Systematic palaeontology

Clade Bilateria, Clade Protostomia

Vermilituus gregarius gen. et sp. nov.

Etymology: Genus name from vermis (Latin) meaning worm and lituus (Latin) meaning a curved trumpet, alluding to the shape of the fossils. Species name from gregarius (Latin), meaning flock or herd.

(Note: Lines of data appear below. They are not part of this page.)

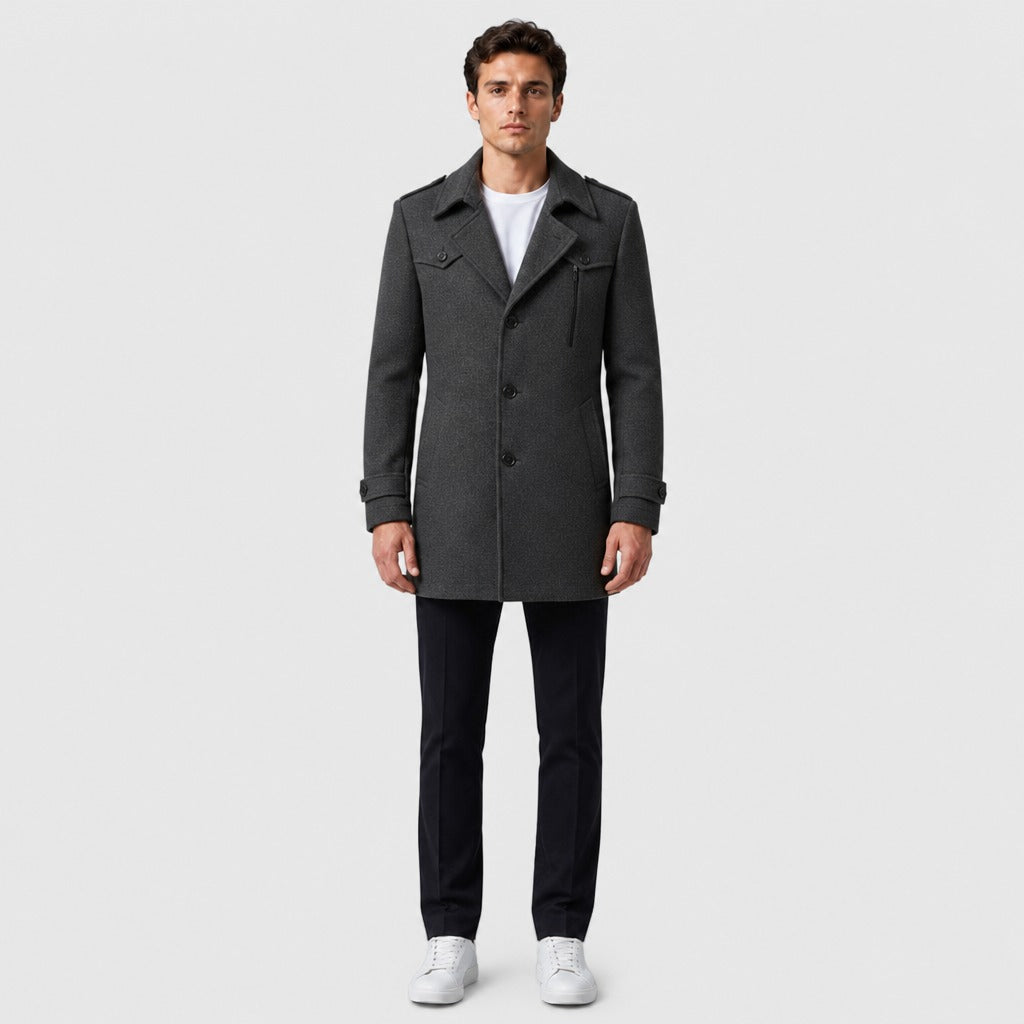 Men’s Longline Button Coat with Wool Lining Grey full length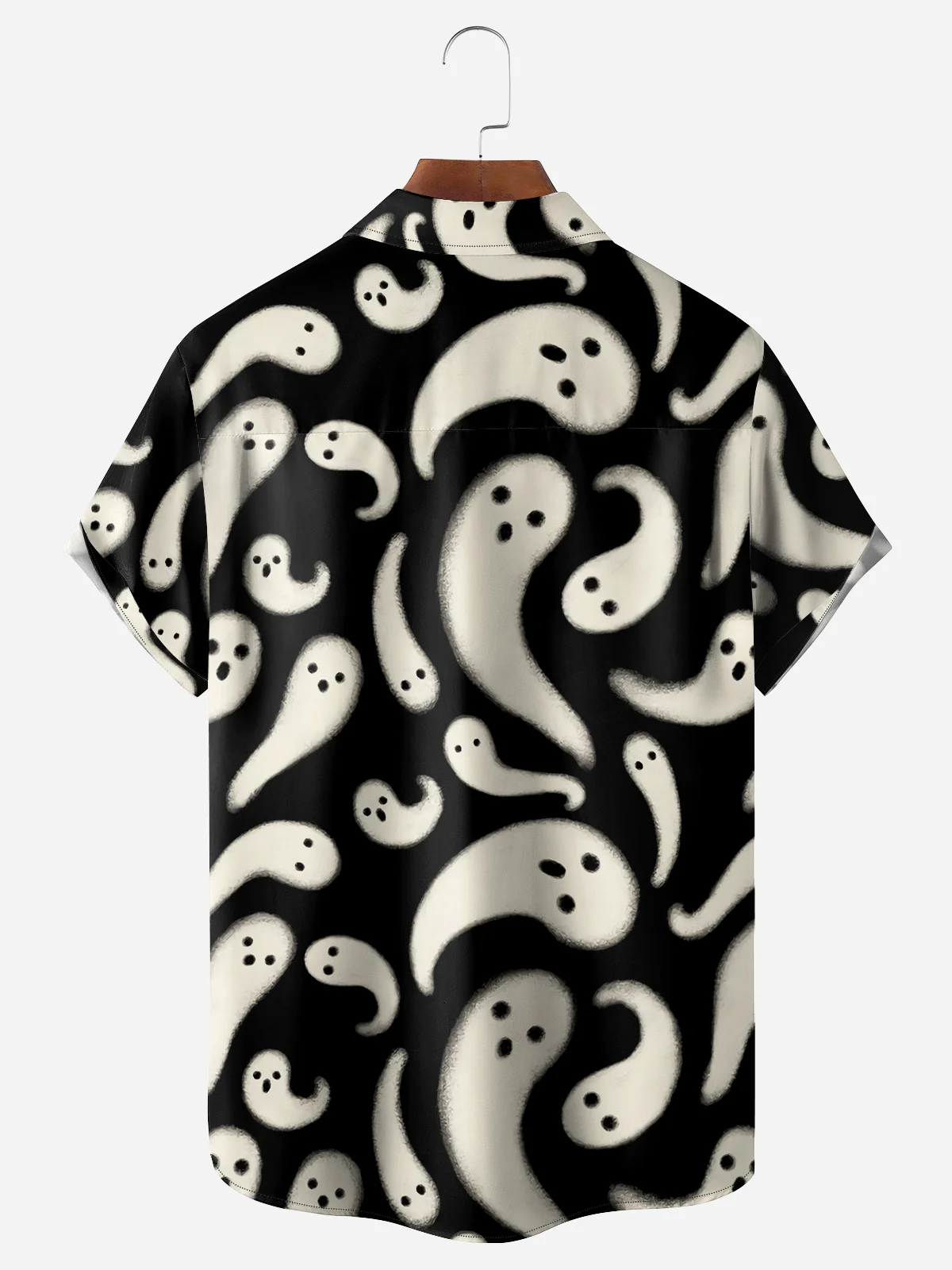 Halloween Ghost Chest Pocket Short Sleeve Casual Shirt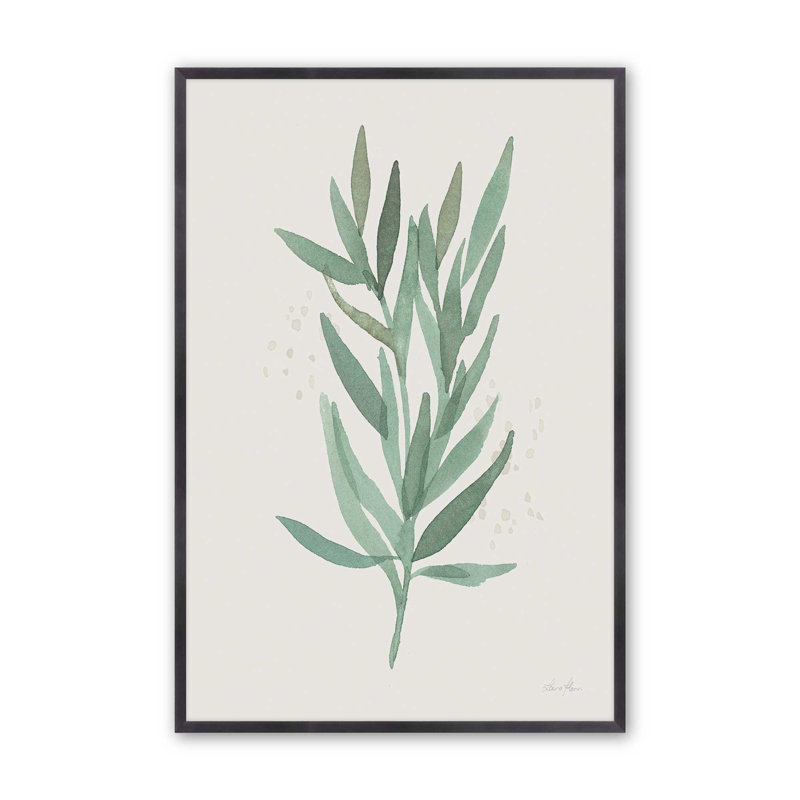 Imprimé «Green Leaf Impressions II», Cadre de coin ouvert en zinc patiné, H 15,25 po x l 12,25 po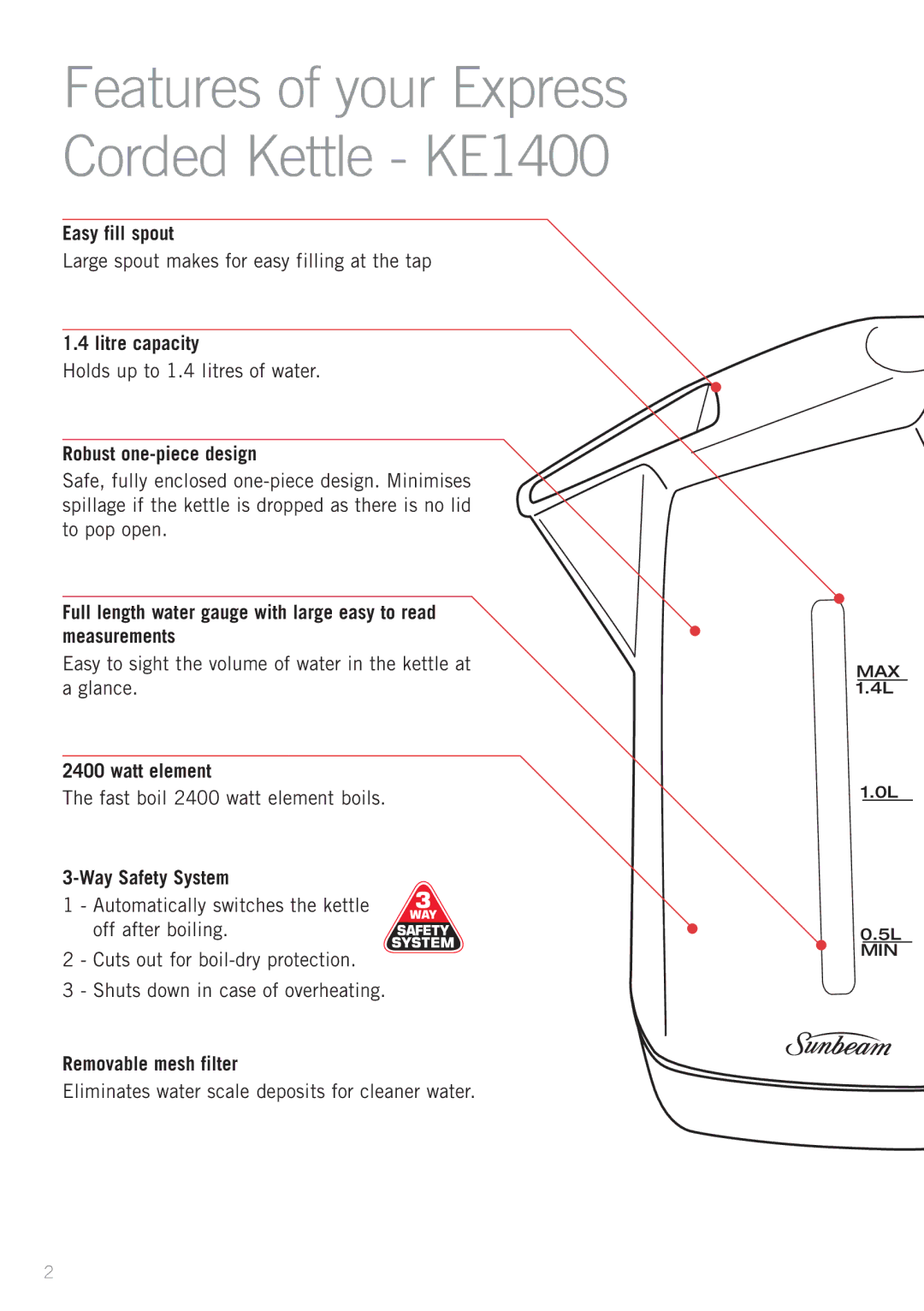 Sunbeam KE1400, KE1600B manual Easy fill spout, Litre capacity, Robust one-piece design, Watt element, Way Safety System 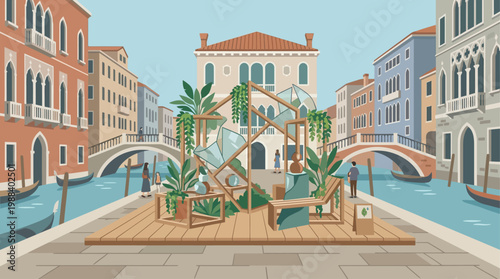 A thoughtful flat design illustration depicting an eco-conscious art installation at the Venice Biennale, blending natural and recycled elements within a Venetian backdrop. 
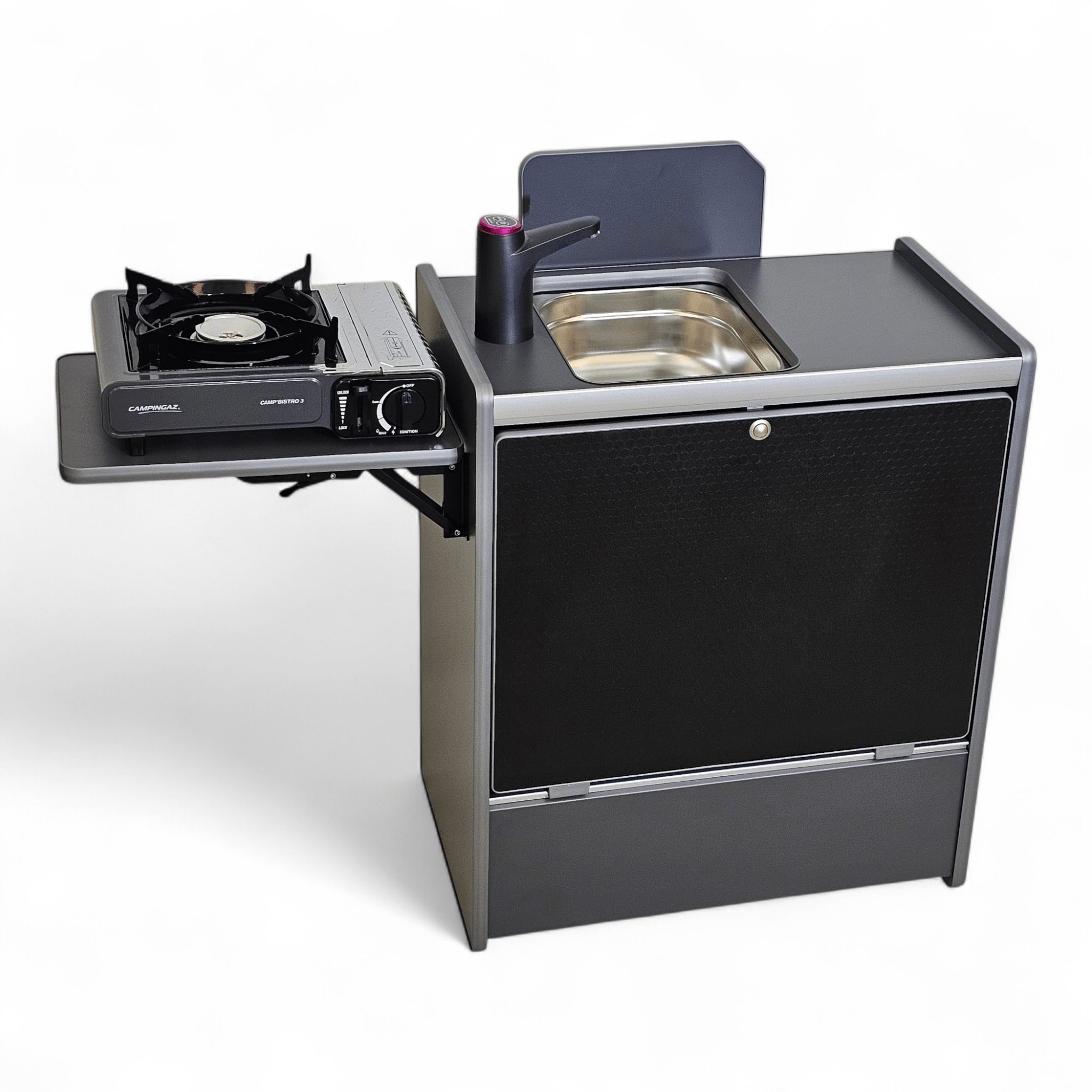 Vangear Nano - Pod NEW 3.0 campervan kitchen - Grey with Black door (easy self - assembly kit) - Vangear - EU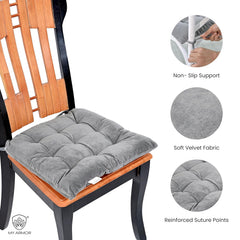 Square Chair Pads Cushion, For Comfortable Sitting, Grey Color - 40 X 40 Cm | Seat Cushions With Ties For Sitting, Pooja, Dining & Office Table | Furniture Cushion, Washable - Pack Of 2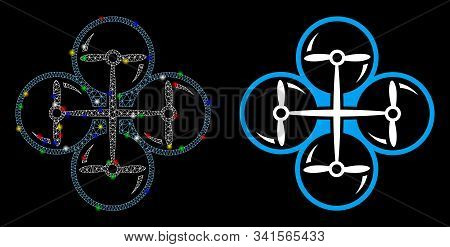 Glowing Mesh Quad Copter Icon With Lightspot Effect. Abstract Illuminated Model Of Quad Copter. Shin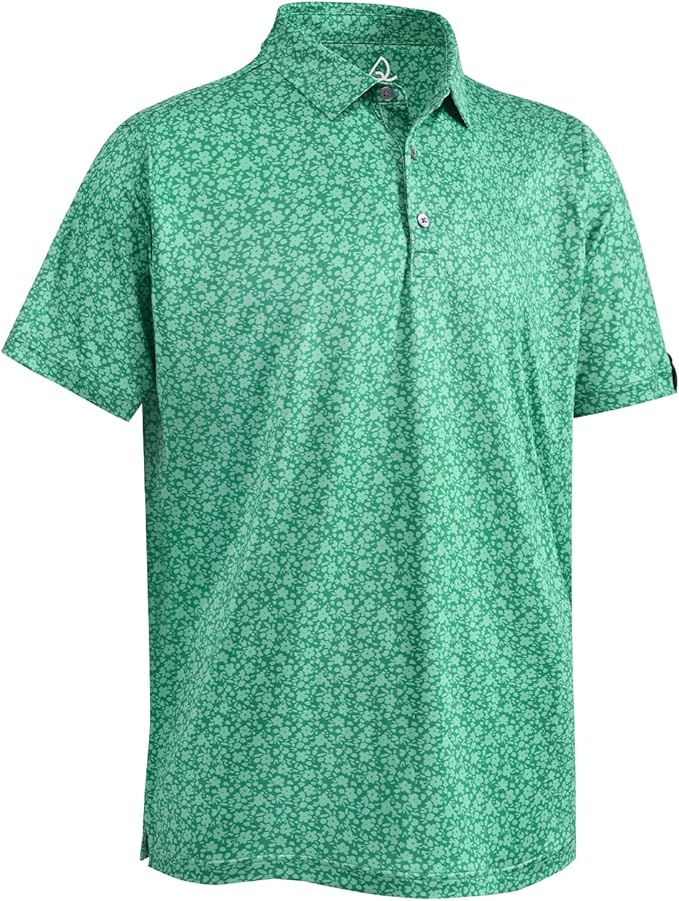 Men's Quick Dry Performance Polo Shirt - Athletic Print Golf Top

Holotype: YKLP 13079a, b (counterparts), U-shaped tube (Fig. 1a, b), 6.5-mm long, and reaching a maximum width of 0.6 mm: the holotype is associated with Vetulicola rectangulata YKLP 13075a, b. Paratypes (with preserved shell annulation), YKLP 13084 and 13085 (Fig. 1c, f) associated with V. rectangulata YKLP 13074, and YKLP 13082 and 13083 (Fig. 1e) associated with V. rectangulata YKLP 13073.

Fig. 1: Different styles of preservation and morphology of Vermilituus gregarius.

a, b Holotype, YKLP 13079a, flattened specimen showing U-shape morphology, under cross-polarised light (a) and fluorescence light (b). c Paratype YKLP 13084, partial 3D with well-preserved annulation, J-shape morphology. d, h YKLP 13086 under direct light (d) and fluorescence light (h), white arrow shows possible soft tissues. e Paratypes YKLP 13082 and 13083, preserved in 3D with annulation visible proximally: sinusoidal shape and J-shape morphology, respectively (the latter is broken distally and shows sediment fill). f Paratype YKLP 13085, partial 3D with well-preserved annulation, sinusoidal morphology. g, ik Scanning electron microscopy images. g YKLP 13087 with J-shape morphology. i, j YKLP 13088, boxed area in “i” shows possible paired soft tissues at the termination, magnified in “j”. k YKLP 13089, with possible paired soft tissues at the terminal end. Scale bars: ad, gi, k, 500 μm; e, f, 1 mm; j, 200 μm.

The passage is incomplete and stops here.